● **EXERCISE DATA**
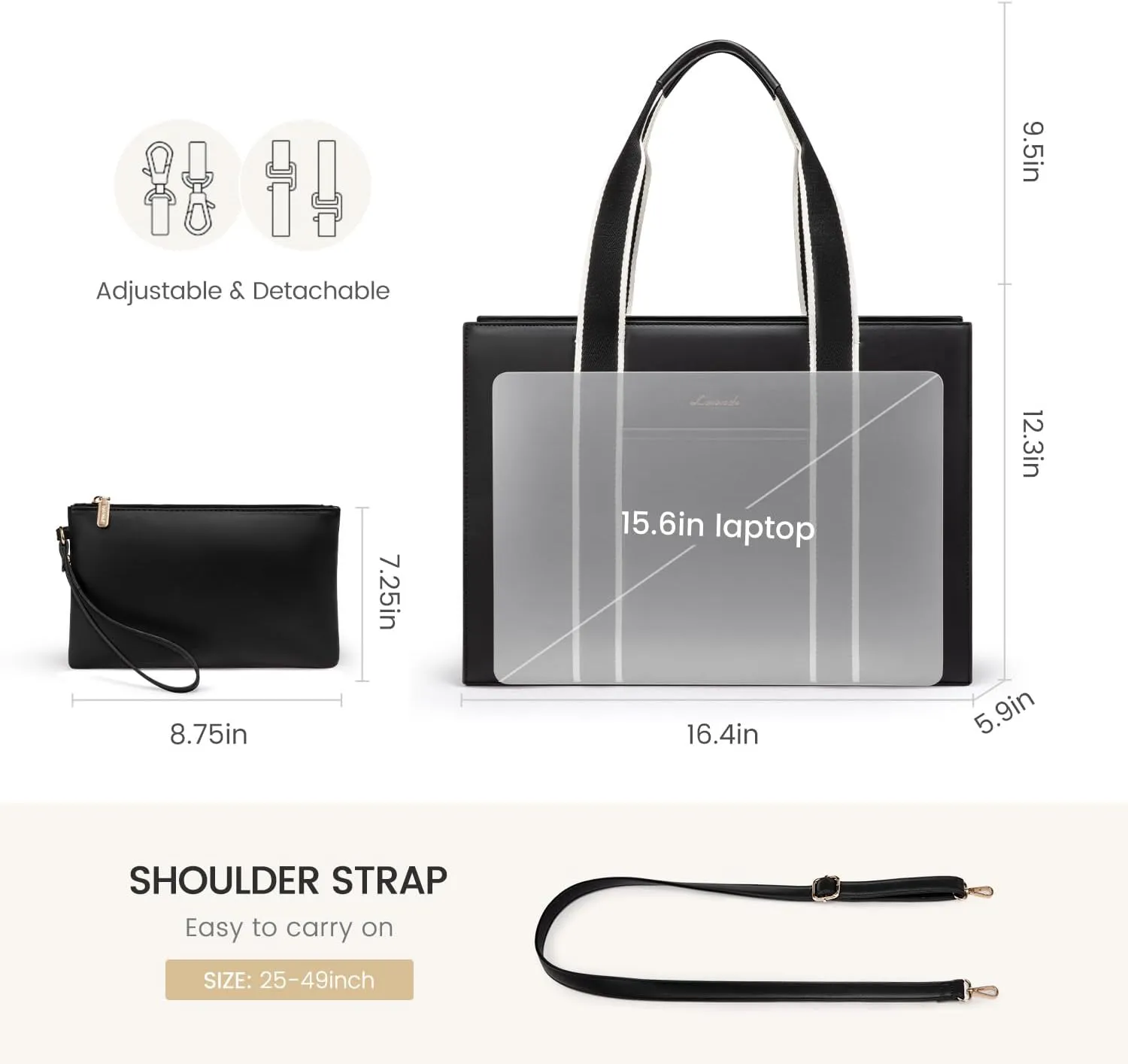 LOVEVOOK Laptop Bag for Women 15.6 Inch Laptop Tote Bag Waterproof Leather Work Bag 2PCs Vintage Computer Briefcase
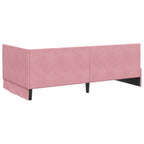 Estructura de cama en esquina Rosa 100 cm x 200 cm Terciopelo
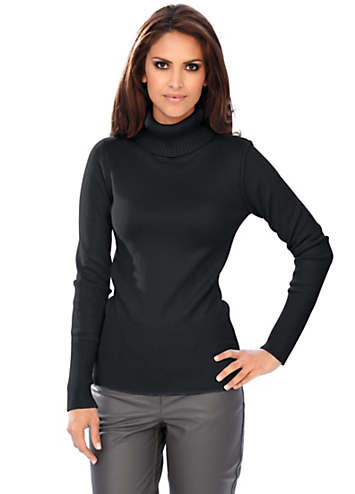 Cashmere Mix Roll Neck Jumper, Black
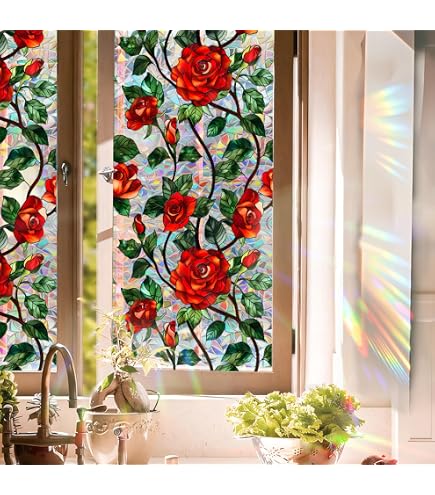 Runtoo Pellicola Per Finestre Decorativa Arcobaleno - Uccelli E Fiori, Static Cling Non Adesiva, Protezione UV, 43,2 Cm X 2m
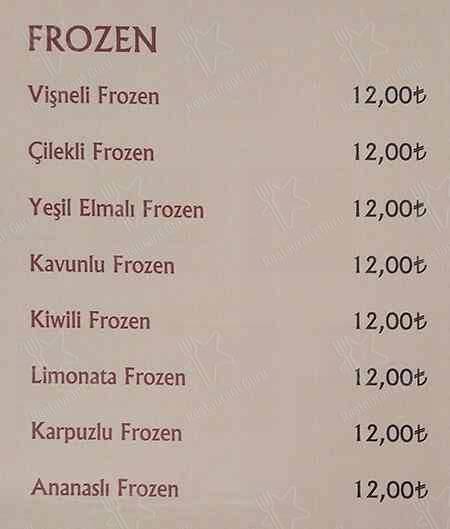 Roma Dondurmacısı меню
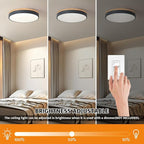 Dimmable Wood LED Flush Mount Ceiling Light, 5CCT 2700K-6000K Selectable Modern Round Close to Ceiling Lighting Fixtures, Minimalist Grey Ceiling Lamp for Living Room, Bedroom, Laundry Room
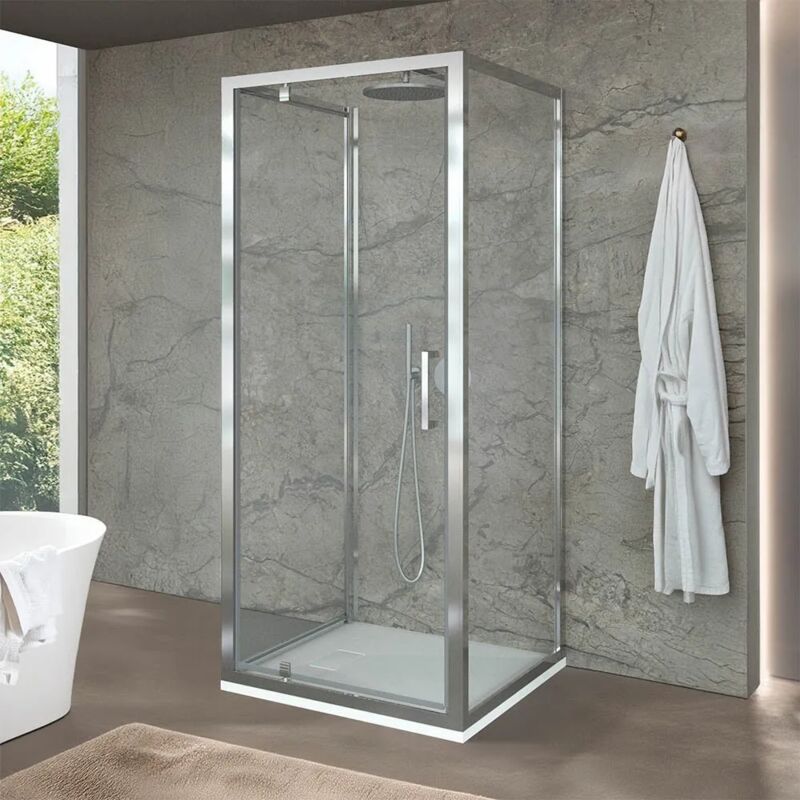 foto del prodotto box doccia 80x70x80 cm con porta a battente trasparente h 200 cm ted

● **EXERCISE OBJECTIVE**
Exactly the lines from the one with "Estructura de cama" to the last line of the listing are wanted, both ends included and pictures excluded.

● **SOLUTION TO THE PROBLEM**
 Estructura de cama en esquina Rosa 100 cm x 200 cm Terciopelo
 Cashmere Mix Roll Neck Jumper, Black
 Runtoo Pellicola Per Finestre Decorativa Arcobaleno - Uccelli E Fiori, Static Cling Non Adesiva, Protezione UV, 43,2 Cm X 2m
 Roma Dondurmacısı меню
 Dimmable Wood LED Flush Mount Ceiling Light, 5CCT 2700K-6000K Selectable Modern Round Close to Ceiling Lighting Fixtures, Minimalist Grey Ceiling Lamp for Living Room, Bedroom, Laundry Room
 foto del prodotto box doccia 80x70x80 cm con porta a battente trasparente h 200 cm ted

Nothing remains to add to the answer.